Pillar Point Investment Process
Pillar Point’s equity investment process incorporates a valuation screening model to identify inefficiencies in how stocks are valued relative to company financial metrics and to other stocks, fundamental analysis to create a mosaic of companies and industries, and optimization that drives portfolio construction to generate incremental return while managing risk.
Underlying our securities analysis process is a 19 factor screening model that is applied to a capitalization appropriate universe of 250 to 450 companies. This model evaluates stock prices relative to company financial metrics and generates a valuation score for each stock in the universe. Since not all factors add value all the time, combining them into a portfolio of diversified factors makes the valuation model effective under different market conditions and contributes to more consistent excess return.
We use the same factors, but with different weights, across the different equity products. For example, since we believe that small cap investors purchase the perception of future growth, the factors for the small cap growth model are weighted toward earnings growth considerations, with an emphasis on analyst estimate revisions and earnings surprise. In contrast, the large cap growth model factors are more evenly balanced between growth and valuation, as the market for large cap stocks is relatively efficient at processing information. The momentum factors often foreshadow estimate revisions.
|Screening Model Factor Weights||Small Cap Growth||Mid Cap Growth||Large Cap Growth|
|Growth / Earnings||60%||50%||40%|
|Value / Price||30%||40%||50%|
Equally important is fundamental analysis, which provides insight into the relevance and accuracy of the factor data in the screening model. Research is conducted by the portfolio managers in both offices and shared daily by phone and email, and in a monthly 2-day research meeting. Our approach is to build a mosaic of information evaluating such attributes as company products and markets, competitive position and business drivers, risk factors, management track record and industry trends. We assess how the macroeconomic environment will influence a company’s prospects.

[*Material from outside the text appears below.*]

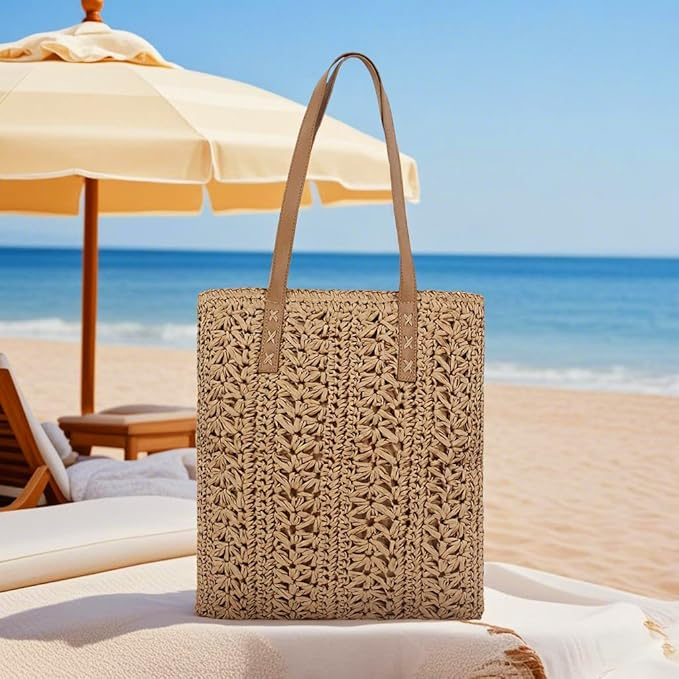Geanta de paie Shopper CLETTA, Maro [3]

The combination of the screening model and fundamental analysis identifies attractive companies we wish to add to a portfolio, validates the reasons for holding those stocks we do, and identifies stocks that we should remove from the portfolio.
Portfolio Construction and Risk Management
We incorporate the results of our securities analysis in an optimization process to construct portfolios. We have a strong preference for holding the most attractively valued securities (to generate incremental return), offset by a moderate preference for conforming to the benchmark structural characteristics (to manage risk).
Diversification is another element of risk management. We diversify the factors in our valuation model; we diversify the portfolio across economic sectors; and we limit stock-specific risk by holding 80 to 110 positions. Risk control is further enhanced by repeating the structured analytical process regularly to ensure that timely information is reflected in the valuation ranking and fundamental analysis, and that the portfolios remain well diversified with the desired risk characteristics.
We will purchase a stock when the screening model and fundamental judgment indicates that it is attractive, or when it will contribute to portfolio diversification and risk reduction (even if other stocks appear more attractive). We sell or reduce a holding when stock or sector weights become overly concentrated, when the valuation ranking or fundamental judgment indicates that the stock has become less attractive, or to raise funds to buy more attractively valued stocks.
The long-term orientation and high conviction implicit in our investment process translates into low portfolio turnover.